Inversion-DNSBL-Generator: A Python repository from elliotwutingfeng

Inversion DNSBL (Domain Name System-based blackhole list) Generator

Generate malicious URL blocklists for DNSBL applications like pfBlockerNG or Pi-hole by scanning various public URL sources using the Safe Browsing API from Google and/or Yandex.

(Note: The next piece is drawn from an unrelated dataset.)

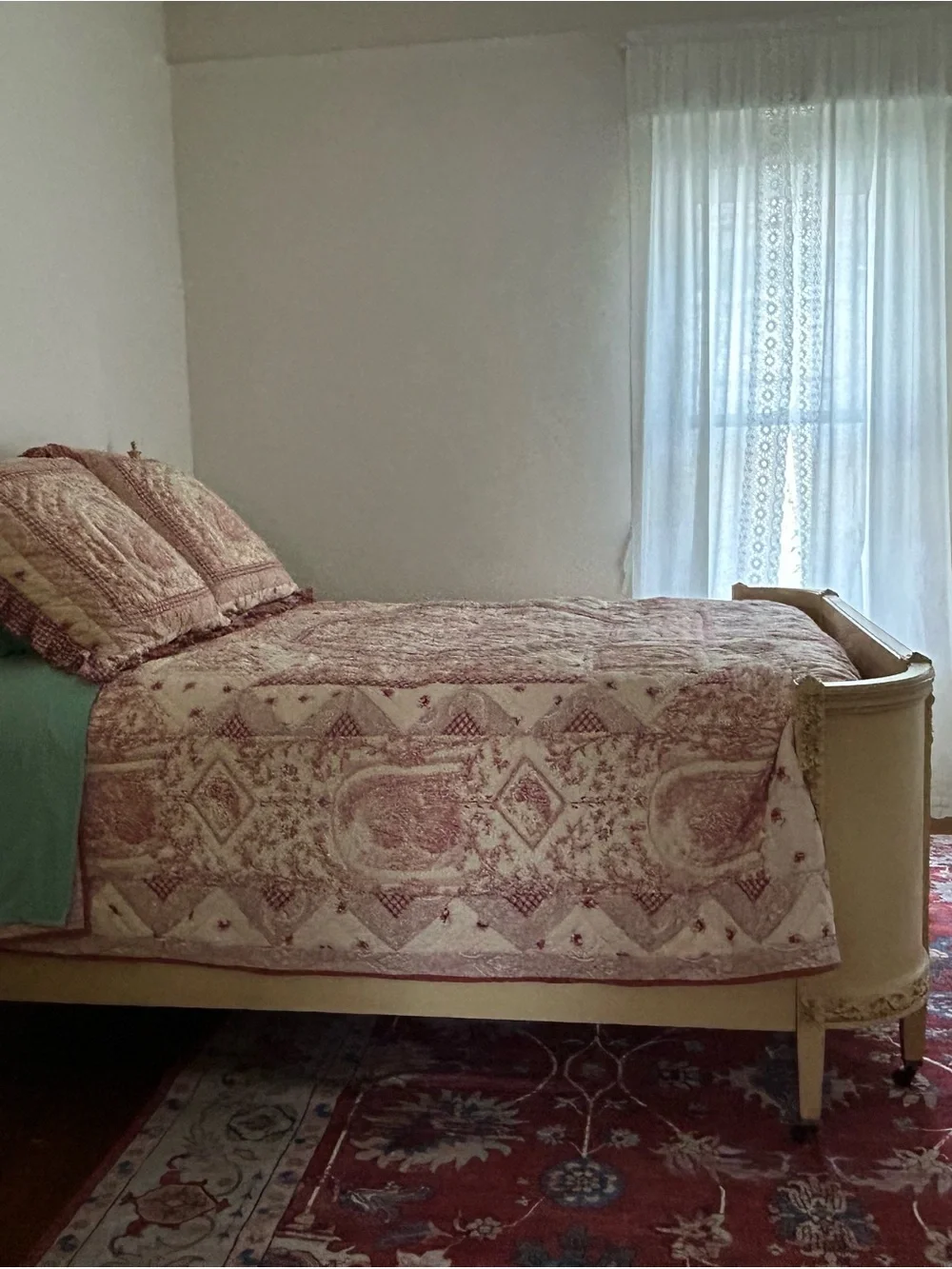 French countryside red and Cream Toile Quilted Bedding Set with Pillow Shams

Report Bug · Request Feature

Table of Contents

Blocklists available for download
URL sources
Safe Browsing API vendors
Requirements
Setup instructions
Getting Started
- Download Google Safe Browsing API hashes
- Download and Identify malicious URLs from Tranco TOP1M
Other Examples
Known Issues
Disclaimer
References

Blocklists available for download

You may download the blocklists here

URL sources

Name	URL Count	Source	Description
Tranco TOP1M	1M	https://tranco-list.eu	A Research-Oriented Top Sites Ranking Hardened Against Manipulation
DomCop TOP10M	10M	https://www.domcop.com/top-10-million-domains	Top 10 million domains Based on Open PageRank data
Registrar R01	6M	https://r01.ru	Zone files for .ru .su .rf domains
CubDomain.com	196M	https://cubdomain.com	Aggregator that tracks newly registered domains daily
ICANN CZDS (Centralized Zone Data Service)	247M	https://czds.icann.org	ICANN's centralized point for interested parties to request access to Zone Files provided by participating Top Level Domain Registries
Domains Project	2.1B	https://domainsproject.org	World’s single largest Internet domains dataset
Amazon Web Services EC2	57M	https://docs.aws.amazon.com/vpc/latest/userguide/vpc-dns.html#vpc-dns-hostnames	Amazon Elastic Compute Cloud hostnames
Google Compute Engine	11M	https://www.gstatic.com/ipranges/cloud.json	Google Compute Engine
OpenINTEL.nl	6M	https://openintel.nl	Zone files for .se .nu .ee domains
Switch.ch	3.3M	https://switch.ch/open-data	Zone files for .ch .li domains
AFNIC.fr	7M	https://www.afnic.fr/en/products-and-services/fr-and-associated-services/shared-data-reuse-fr-data	Daily newly registered .fr .re .pm .tf .wf .yt domains
Internet.ee	153K	https://www.internet.ee/domains/ee-zone-file	Estonian Internet Foundation (.ee)
Internetstiftelsen	1.7M	https://zonedata.iis.se	Swedish Internet Foundation
SK-NIC.sk	400K	https://sk-nic.sk/subory/domains.txt	Domain Registry of the Slovak Republic (.sk)
Google TAG IOCs	200	https://blog.google/threat-analysis-group	Google Threat Analysis Group Indicators of Compromise
IPv4 Addresses	4.2B	0.0.0.0 - 255.255.255.255	Exhaustive list of all IPv4 addresses

Safe Browsing API vendors


Google	Yandex
Terms-of-Service	Terms-of-Service

Requirements

System (mandatory)

Linux or macOS
Python 3.10+
Multi-core x86-64 CPU; for Python Ray support
RAM: At least 32GB
SSD Storage Space: At least 700GB required to process all URL sources

Safe Browsing API Access (mandatory)

Choose at least one

URL feed access (optional)

ICANN Zone Files: Sign up for a ICANN CZDS account
Once registered, turn off email notifications in the user settings (otherwise they will send you hundreds of acknowledgement emails), then select Create New Request on the Dashboard to request for zone file access.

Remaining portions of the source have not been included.